Two racing cars \(A\) and \(B\) are at rest alongside each other at a point \(O\) on a straight horizontal test track. The mass of \(A\) is 1200 kg. The engine of \(A\) produces a constant driving force of 4500 N. When \(A\) arrives at a point \(P\) its speed is 25 m s\(^{-1}\). The distance \(OP\) is \(d\) m. The work done against the resistance force experienced by \(A\) between \(O\) and \(P\) is 75 000 J.

1. Show that \(d = 100\). [3]

Car \(B\) starts off at the same instant as car \(A\). The two cars arrive at \(P\) simultaneously and with the same speed. The engine of \(B\) produces a driving force of 3200 N and the car experiences a constant resistance to motion of 1200 N.

1. Find the mass of \(B\). [3]
2. Find the steady speed which \(B\) can maintain when its engine is working at the same rate as it is at \(P\). [3]

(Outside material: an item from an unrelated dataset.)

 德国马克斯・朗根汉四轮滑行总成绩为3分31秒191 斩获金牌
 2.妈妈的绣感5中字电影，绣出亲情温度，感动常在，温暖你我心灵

A car of mass 850 kg is travelling along a straight horizontal road. The power developed by the car is constant and is equal to 18 kW. There is a constant resistance to motion of magnitude 600 N.

1. Find the greatest steady speed at which the car can travel. [2]

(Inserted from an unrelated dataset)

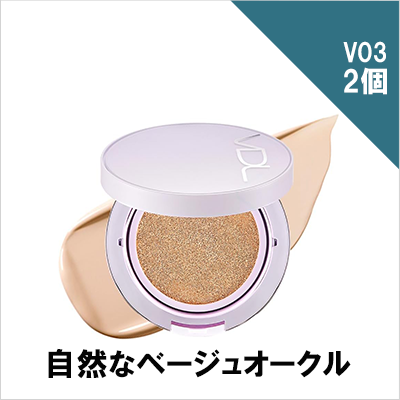 VDL パーフェクティング シルキーフィットカバークッションファ…
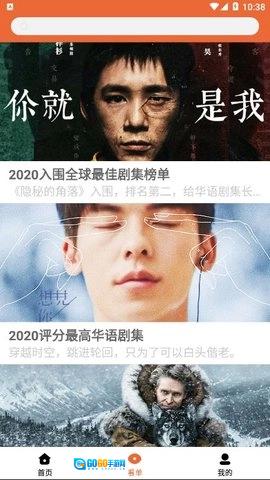 尼克影视手机最新版图1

Later in the journey, while travelling at a speed of \(15 \text{ m s}^{-1}\), the car comes to the bottom of a straight hill which is inclined at an angle of \(\sin^{-1}\left(\frac{1}{40}\right)\) to the horizontal. The power developed by the car remains constant at 18 kW. The magnitude of the resistance force is no longer constant but changes such that the total work done against the resistance force in ascending the hill is 103 000 J. The car takes 10 seconds to ascend the hill and at the top of the hill the car is travelling at \(18 \text{ m s}^{-1}\).

1. Determine the distance the car travels from the bottom to the top of the hill. [5]

A car of mass 1200 kg is driven on a long straight horizontal road. There is a constant force of 250 N resisting the motion of the car. The engine of the car is working at a constant power of 10 kW.

1. The car can travel at constant speed \(v \text{ ms}^{-1}\) along the road. Find \(v\). [2]
2. Find the acceleration of the car at an instant when its speed is \(30 \text{ ms}^{-1}\). [3]